(This post was originally published on 4/5/12. I'm revisiting the topic because I'm currently reading a book that uses a LOT of ellipses. I'll post the review of the book soon; until then, let's brush up on our knowledge of punctuation.)
That's right ... you love them ... so do I! ...
But what is the correct way to use them? A space before? A space after? No spaces? Only three dots? As many dots as you please?
From the University of South Carolina's Editorial Guide:
1) In general, treat an ellipsis as a three-letter word, constructed with three periods and a regular space on either side of the ellipsis, as shown here ( … ).
2) When the grammatical sense calls for a question mark, exclamation point, comma, or colon, the sequence is word, punctuation mark, regular space, ellipsis, e.g., “Will you come? …”
3) When material is deleted at the end of one paragraph and at the beginning of the one that follows, place an ellipsis in both locations.
4) In writing a story, do not use ellipses at the beginning and end of direct quotes that form complete sentences.
“It has become evident to me that I no longer have a strong enough political base,” Nixon said.
“ … it has become evident to me that I no longer have a strong enough political base … ,” Nixon said.
And, from Grammar Girl:
Also, usually there is a space on each side of an ellipsis.

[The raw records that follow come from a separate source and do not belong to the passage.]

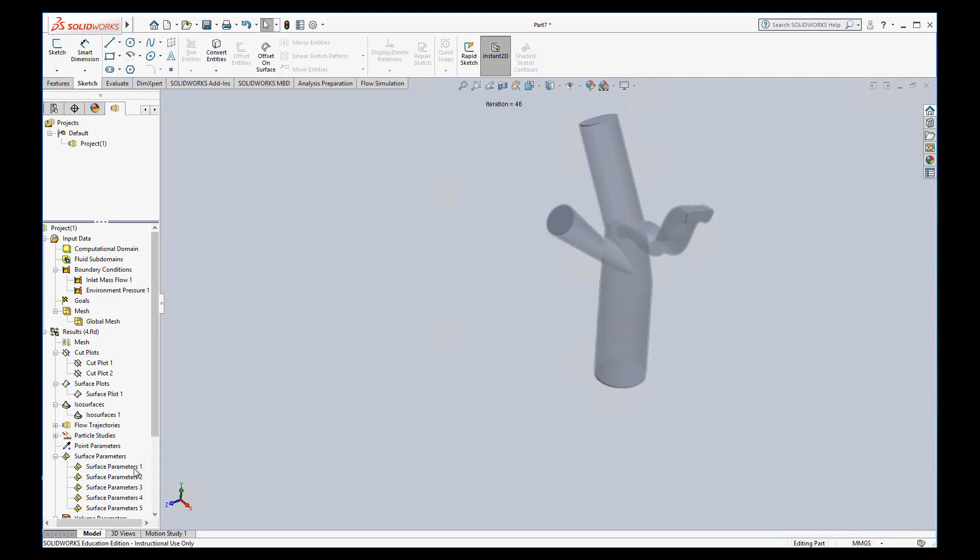Now, once you start getting a lot of these parameters, maybe you want to start renaming things so you don't forget what they are. So you can just click on it and I can type inlet mass flow for this one. You can relabel all these other ones too. So that's pretty useful.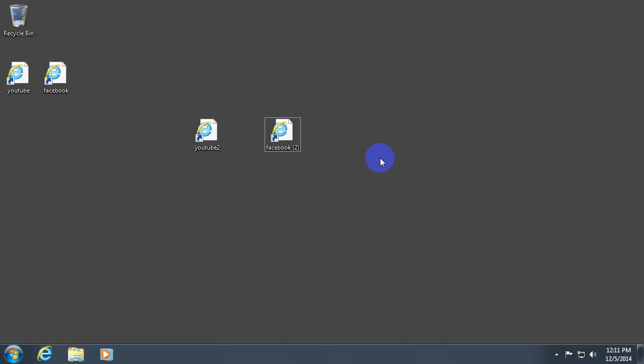That's it. How to create manually some URL files. That is an internet shortcut. Thanks watching. Bye bye.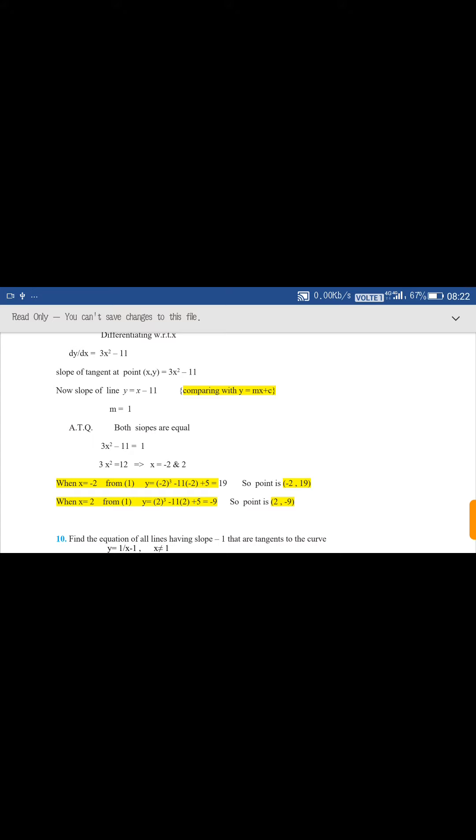x² = 4, so x = ±2. When x = -2, put it in the equation of curve: y = (-2)³ - 11(-2) + 5, giving the point (-2, 9). Similarly, putting x = 2: y = 2³ - 11(2) + 5 gives y = -9, so the point is (2, -9). This is the solution.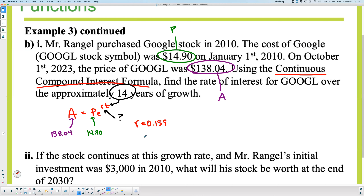So the rate of growth is approximately 15.9% — and that's true facts. That's how much Google has grown. Now let's move on to part two.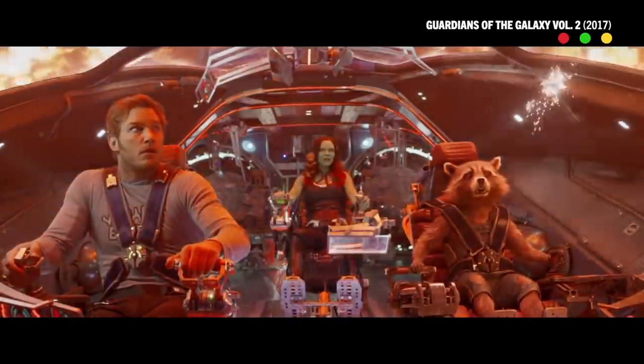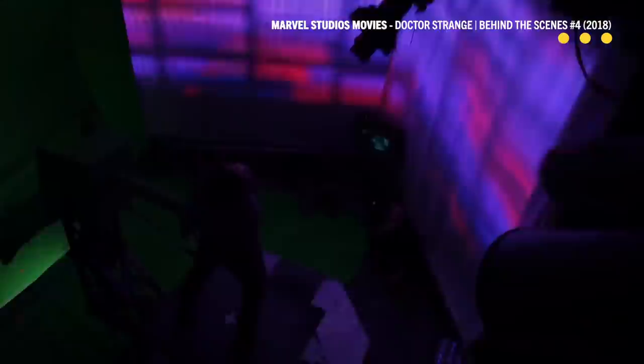Especially with superhero movies, all the lights start blinking because something's happening in the scene. Typically that's all DMX. Why do filmmakers use DMX in the first place?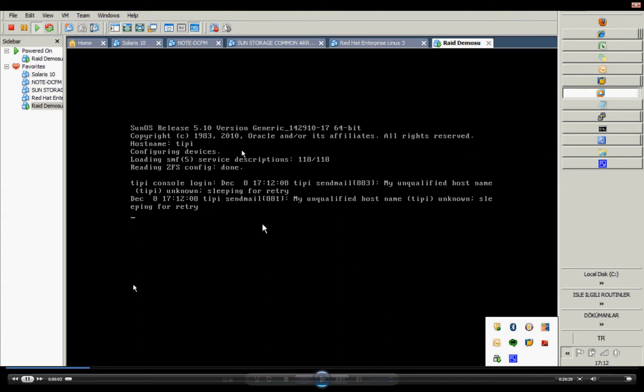In this video, we will learn how to make a mirror under Solaris SVM.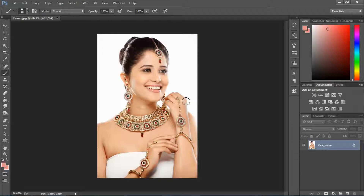Hello friends, welcome back on Nitin Photography. My name is Nitin Sahu. Today's episode is super cool because I am telling you how to give color effect in jewellery. This method is used in Indian wedding albums — it is used to keep the jewellery in color while the rest of the pictures are black and white.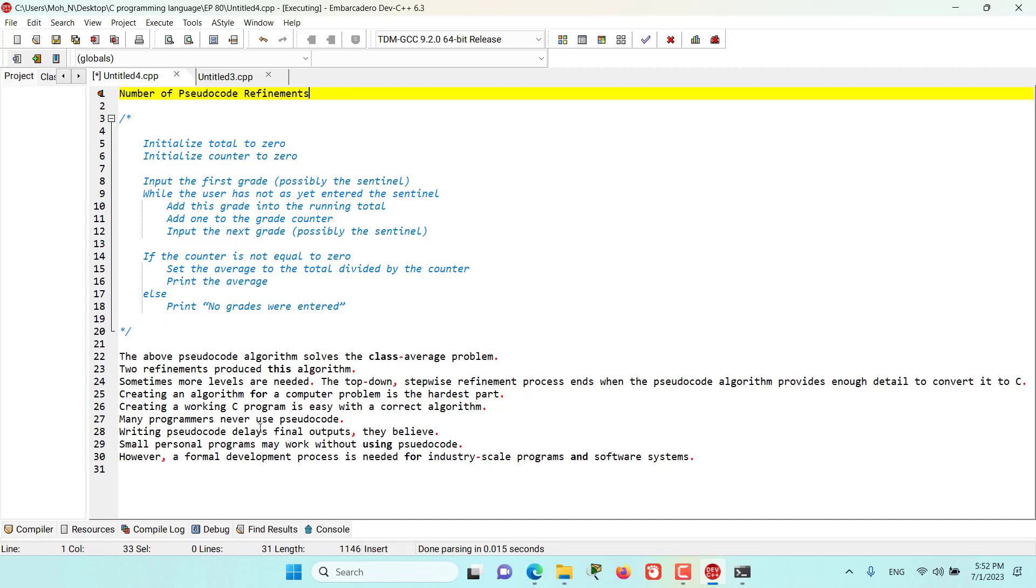Many programmers never use pseudocode because they think that writing pseudocode will delay their final output and product. However, this may work for small programs. It can never work for industry-scale programs and software systems. And for that, we always need a formal development process to be used.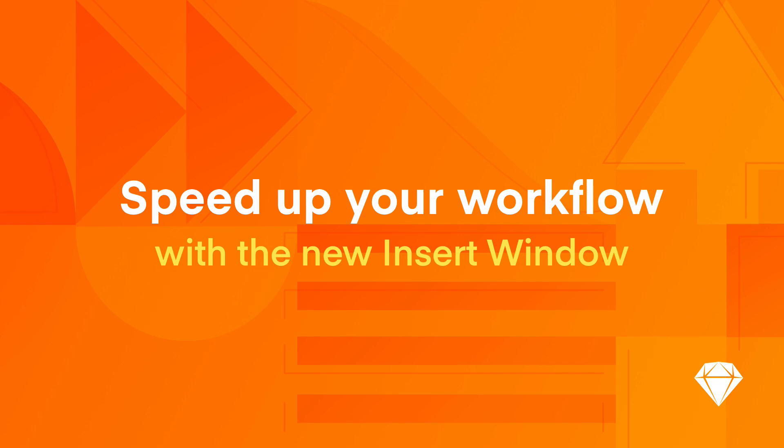With the Insert window in Sketch, finding and inserting components has never been easier. Let's take a look at how it works.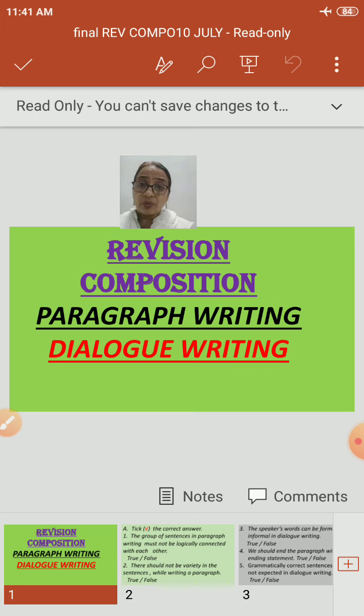Fifth question: the topic sentence of the paragraph tells — option A: the main idea of the paragraph; option B: about the writer; option C: both A and B. We have seen that after reading the topic sentence, a reader should get the idea that the paragraph is based on this topic. So option A, the main idea of the paragraph, is correct.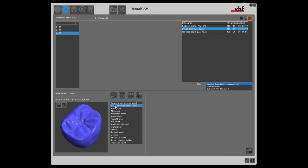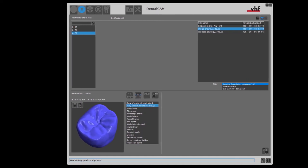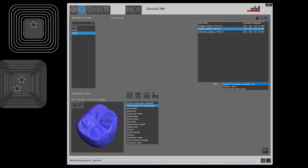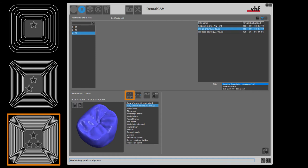Now we choose the processing quality for the selected STL. A high processing quality is achieved by smaller path distances when finishing outer surfaces. Smaller path distances lead to smoother surfaces, but also to an increased processing time.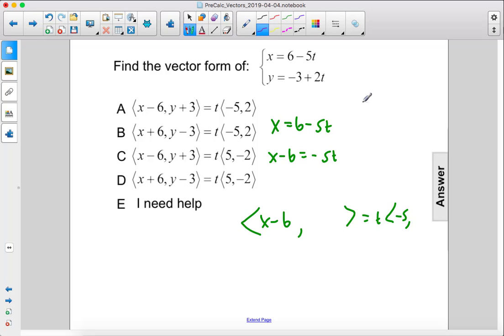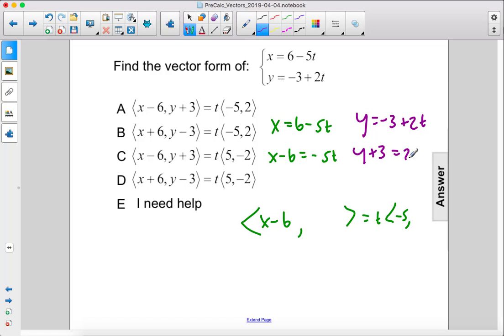For y, we have y equals negative 3 plus 2t, or y plus 3 equals 2t. Therefore we have y plus 3 over 2.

The ellipsis is typically standing in for a word or a sentence, so just imagine that it's a word itself, and then it's easy to remember to put a space on each side.
If you're omitting something that comes after a complete sentence, meaning that your ellipsis has to follow a period, put the period at the end of the sentence just like you normally would, then type a space, and then type or insert your ellipsis. Again, you're treating the ellipsis as if it were a word: the first word of the next sentence. This will result in four dots in a row with spaces between each dot, but this is not a four-dot ellipsis—there's no such thing. It is a period followed by a regular three-dot ellipsis.
And yet, all over the web-o-sphere and throughout many novels, we'll find...with no spaces...before or after.
What do you think?
Should an ellipsis have a space before and after it?